Civil Engineering and Construction / Boring - Soil Improvement
Summary of uses
Bentonite is used in paddy fields to protect against degradation or to prevent water leakage. Bentonite is inorganic and thus does not become rotten. In addition, it makes fertilizers effective longer, increases water and ground temperatures, and produces other soil improvement effects. With its great superiority in swelling property, viscosity, and adsorption effect over other materials, bentonite can reduce the amount of earth brought from other places and mixed for soil improvement, improve fields' water retention capacity, and prevent fertilizer components from running off.
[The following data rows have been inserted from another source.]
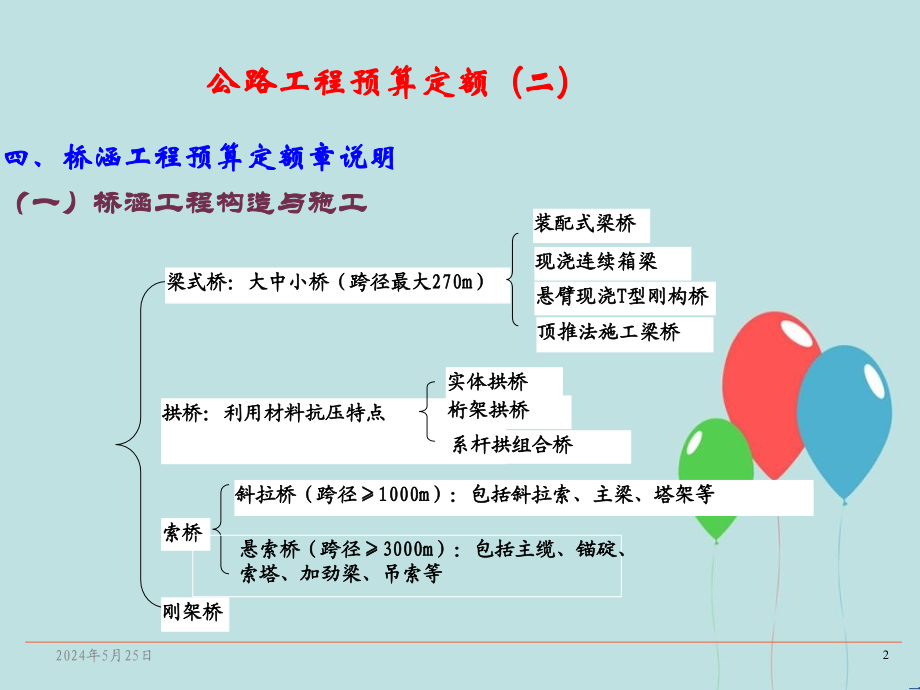 公路工程预算定额和管理_第2页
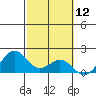 Kahului tide chart for Friday, February 12, 2021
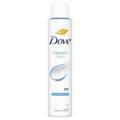 Dove Déodorant Classic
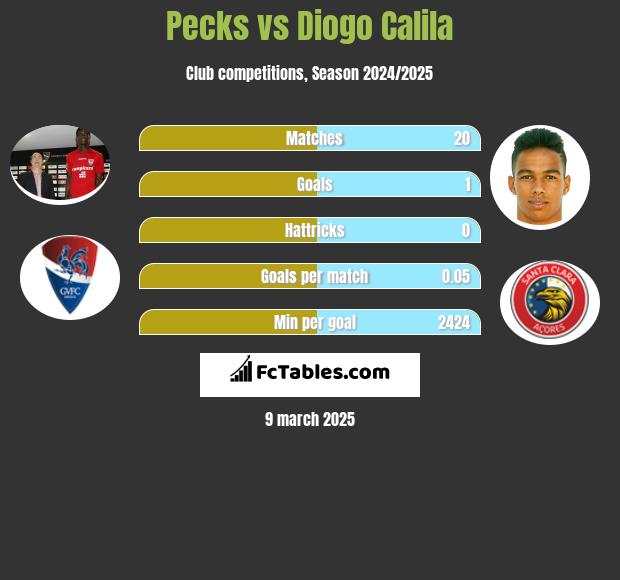 Pecks vs Diogo Calila h2h player stats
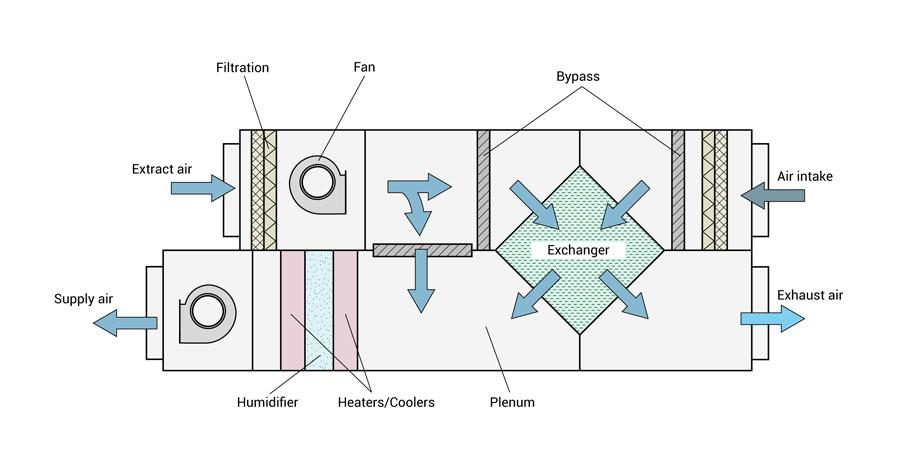 Air Handling Unit Market Share, Industry Outlook 2024-2032 – Global Market Insights Inc.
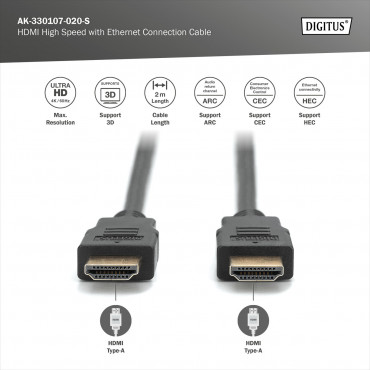 Digitus Connection Cable | HDMI to HDMI | 2 m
Areas where the characteristics and effects of bentonite can be expected to work
It is known that allowing paddy field rice to absorb silicic acid contained in bentonite increases its lodging resistance and promotes its growth.
Areas where the effects of bentonite can be expected to work
- Degraded fields (soil where significant eluviation of clay, iron, and other nutrients is found)
- Paddy fields with poor harvest (fields where rice ears form but do not grow)
- Sandy fields
- Volcanic ash fields
Directions for use
The amount used depends on the type of soil and the degree of water leakage, but we recommend you use 40 to 100 kg per are.
- Mixing with surface soil: Mix bentonite well with soil or fertilizers (chemical fertilizers, mixed fertilizers, etc.) and apply the mixture over the surface evenly.
- Applying in a layer: Lay bentonite or soil mixed with bentonite between the surface soil and subsoil (about 30 cm below the surface soil) in a layer form.